== RECORD EXCERPTS ==
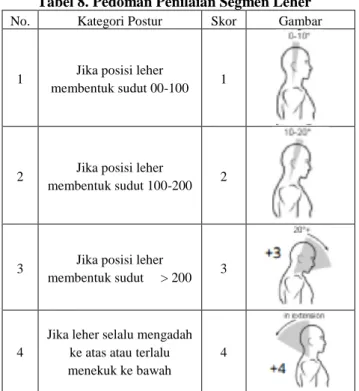 Tabel 7. Skor RULA Grup B 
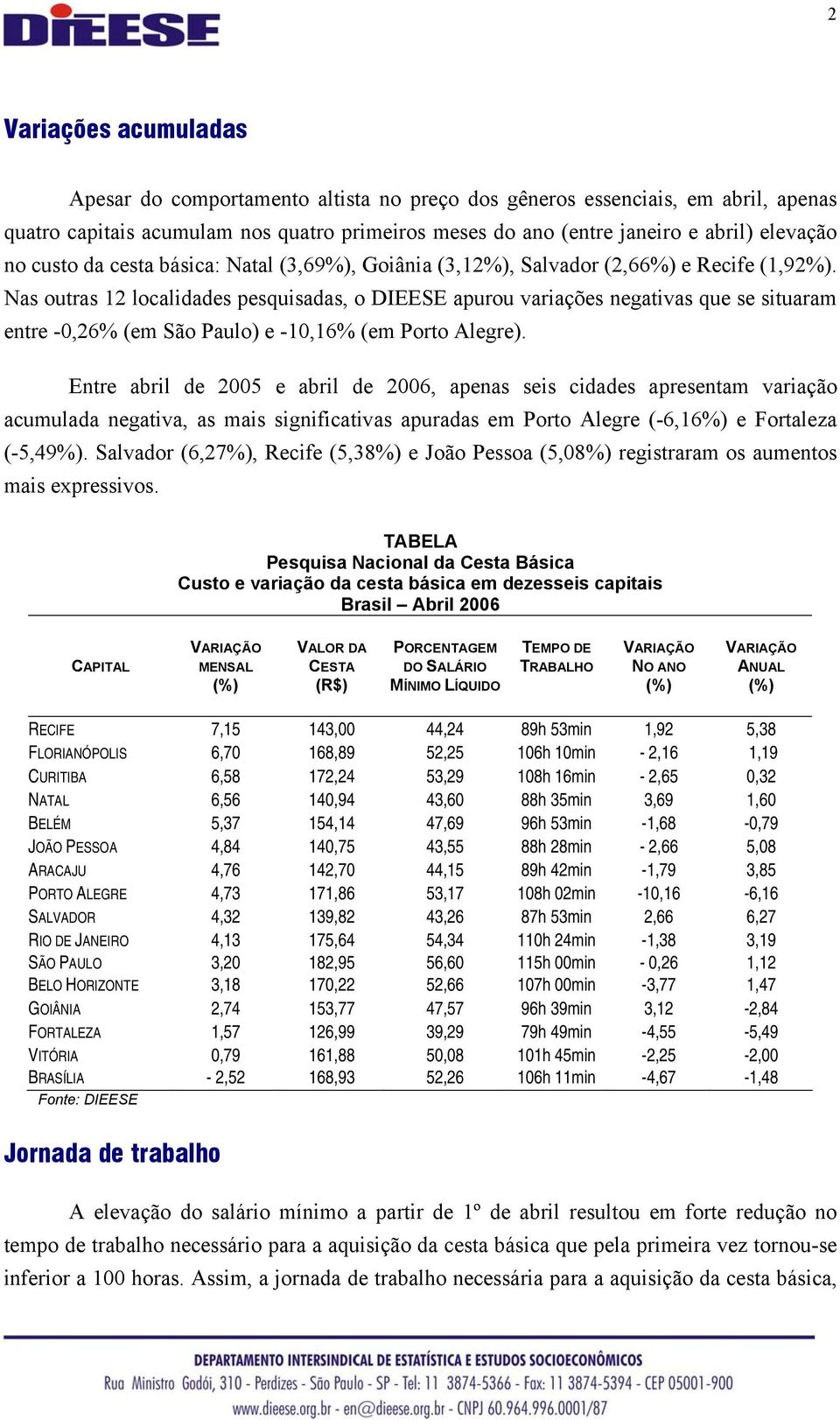 Nas outras 12 localidades pesquisadas, o DIEESE apurou variações negativas que se situaram entre -0,26% (em São Paulo) e -10,16% (em Porto Alegre).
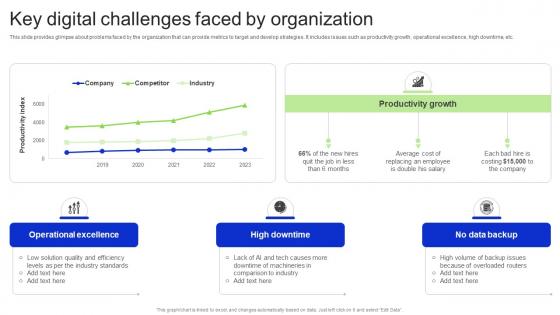Key Digital Challenges Faced By Organization Revitalizing Business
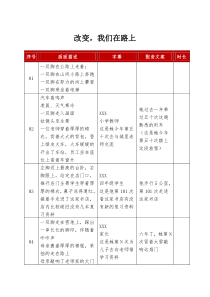 在线教育企业形象宣传片脚本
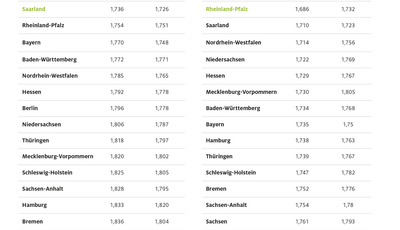 Spritpreis-Gefälle zwischen Ost und West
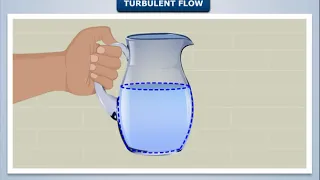 Turbulent Flow | Fluid Mechanics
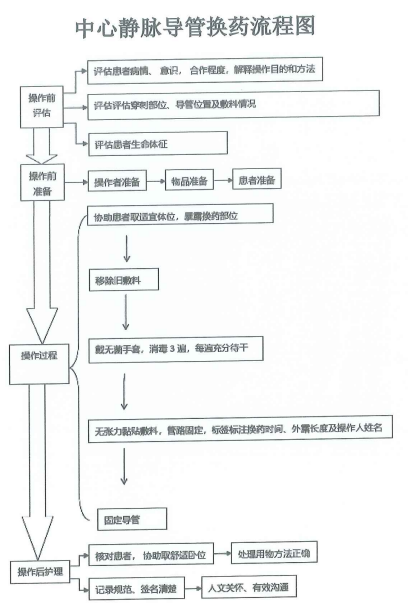 新冠肺炎重型、危重型患者护理规范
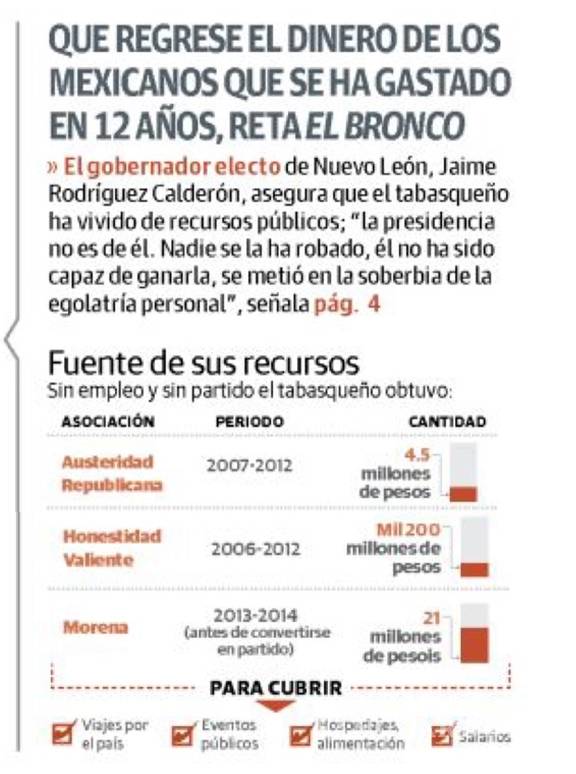 $!'El Bronco' inicia campaña a 'Los Pinos' golpeando a AMLO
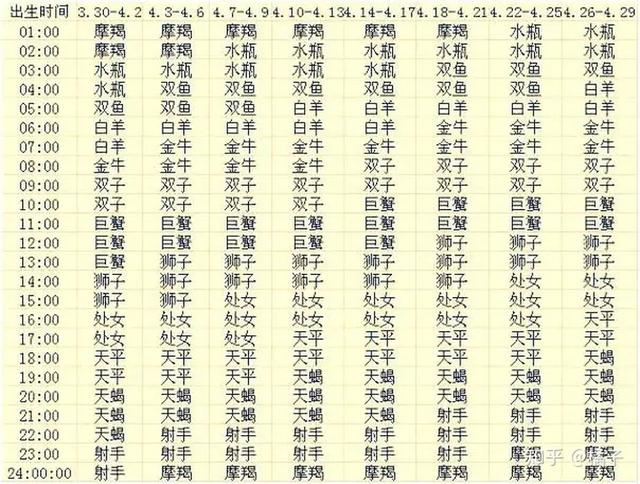 一月星座是什么座，一月的星座是哪个星座（如何查询你的上升星座）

== WHAT YOU HAVE TO DO ==
Go through the material above and retype every line exactly, without the images.

== SOLUTION TO THIS PROBLEM ==
 Tabel 7. Skor RULA Grup B 
 Nas outras 12 localidades pesquisadas, o DIEESE apurou variações negativas que se situaram entre -0,26% (em São Paulo) e -10,16% (em Porto Alegre).
Key Digital Challenges Faced By Organization Revitalizing Business
 在线教育企业形象宣传片脚本
 Spritpreis-Gefälle zwischen Ost und West
 Turbulent Flow | Fluid Mechanics
 新冠肺炎重型、危重型患者护理规范
 $!'El Bronco' inicia campaña a 'Los Pinos' golpeando a AMLO
 一月星座是什么座，一月的星座是哪个星座（如何查询你的上升星座）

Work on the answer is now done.